This is called from MemoryAccessRange, which checks if size==0, and since size is uptr size will always be > 0. Therefore this check is pointless.

I understand this.
But MemoryAccessRangeT did not guarantee size != 0 in its context -- is it possible for MemoryAccessRangeT to be called in the future without checking for size == 0?

It just so happens that these checks are wrapped in SANITIZER_DEBUG macro, so I think adding this check is better than adding an assertion DCHECK(size != 0).

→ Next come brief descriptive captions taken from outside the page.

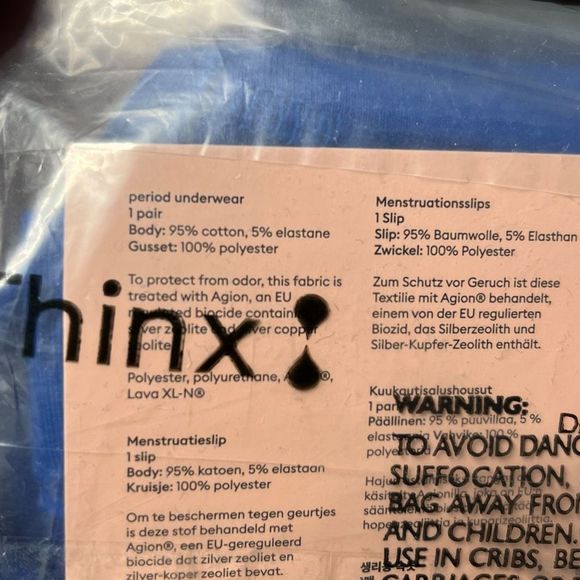 Thinx Cobalt Blue Super Period Panty Size Medium - Picture 6 of 6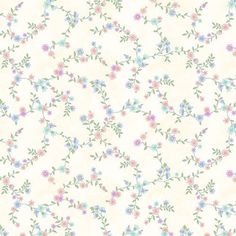 a pink wallpaper with small flowers and green leaves on the bottom half of it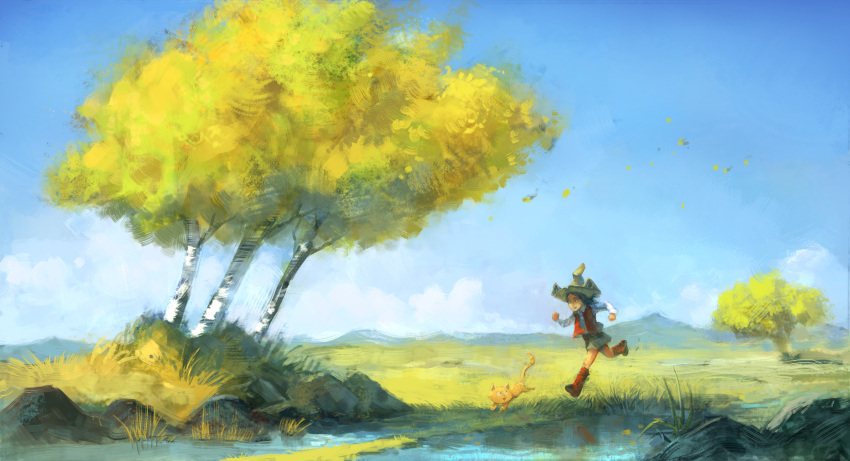 1girl, absurdres, brown_footwear, brown_hair, carrot_(pepper&amp;carrot), cat, clouds, david_revoy, full_body, hat, highres, leg_warmers, long_sleeves, miniskirt, mountain, open_mouth, outdoors, pepper&amp;carrot, pepper_(pepper&amp;carrot), red_vest, rock, running, shirt, shoes, skirt, sky, tree, vest, water, white_shirt, witch_hat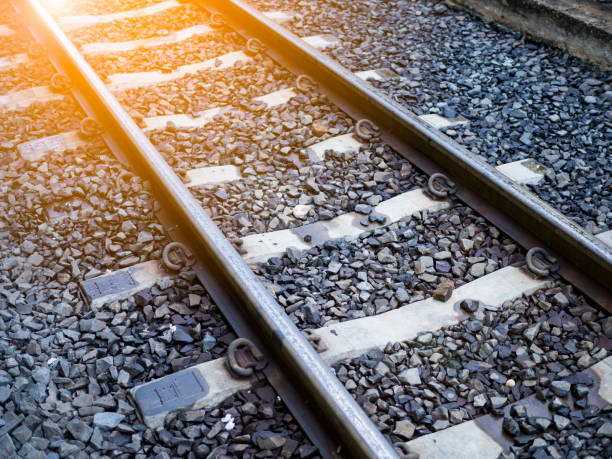 istock Railroad tracks in train station 846758486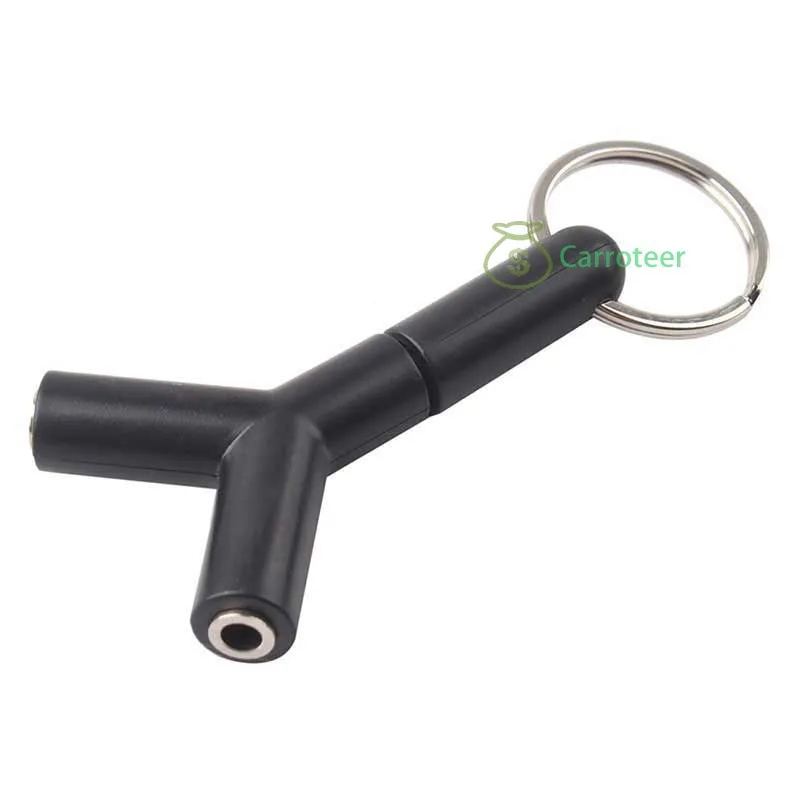 Carroteer Shop 3.5mm Male to 2 Female Stereo Audio Y Adapter Splitter Connector Keychain Mini |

But MemoryAccessRangeT did not guarantee size != 0 in its context -- is it possible for MemoryAccessRangeT to be called in the future without checking for size == 0?

We don't know.

But it's clear currently an invariant here is size != 0, so why not add a DCHECK and catch if that assumption changes in future?

But it's clear currently an invariant here is size != 0, so why not add a DCHECK and catch if that assumption changes in future?

Done.

thurstond

Thanks for the patch!

thurstond · 2025-06-18T19:33:19Z

@hctim FYI Meta is becoming exclusive

vitalybuka

Unfortunately most of sanitizer code uses inclusive end,
which is annoying given that typical C++ convention is exclusive end.

LGTM to incrementally change, especially if there is an issue.

Camsyn · 2025-06-20T07:34:18Z

This change introduces some test fails of mmap_lots.cpp.

After analysis, I believe it is due to the following reasons:

Large mmap -> MemoryRangeSet -> only set the first and last page of shadow.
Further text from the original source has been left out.